On a road with no parked cars and empty or quiet pavements, I will usually overtake a cyclist at whatever speed I was doing before. However, if this places me over the centre white line, I will slow down a little, and I will make sure there are no large vehicles or motorcycles coming in the opposite direction (and if possible, that there are no cyclists being overtaken on that side of the road as well).
On a road with parked cars or busy pavements, however, I will wait until I can see that I can overtake the cyclist safely, and if that means crawling 5 miles along the same road at 15mph, so be it. When there are parked cars, you need to leave sufficient space that if someone suddenly opens a car door and the cyclist has to swerve, you can still swerve around them. Same with busy pavements - there may be small children or dogs, or just idiots who step into the road.

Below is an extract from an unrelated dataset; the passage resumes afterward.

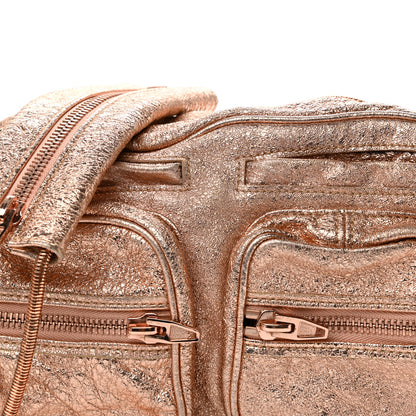 Alexander Wang Crinkled Metallic Goatskin Brenda Chain Rose Gold 10 of 10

OP, never ever overtake a cyclist because a driver behind gets annoyed. If it happens every time you're stuck behind a cyclist, maybe see if an instructor can give you a couple of sessions in a cyclist-heavy area? But if it's once or twice, even if you feel flustereed every time, do NOT give in to the pressure from other drivers, because it will end badly, and "he used his horn so I thought I had to go" won't be helpful in an insurance claim!
I've never had this pressure overtaking cyclists before, but I've had temporary traffic lights placed so that the traffic in the opposite dicrection usually back up BEYOND the entrance when it was rush hour, and I had to sit through THREE green lights once before it was clear AND green and I could go. So many people were tooting their horns, but if I had gone, I would have caused a crash, or blocked up the traffic in both directions, because there was no way that traffic from the other direction would see me if I went on my red light (their green) until it was too late! As proven by the two idiots who overtook me at the same lights a couple of days later (well into the red light, when they could have seen the oncoming traffic very clearly) and mercifully avoided a crash but ending up reversing very slowly to numerous car horns from either direction of traffic - if there had been a police officer present, no doubt they would have been taken aside!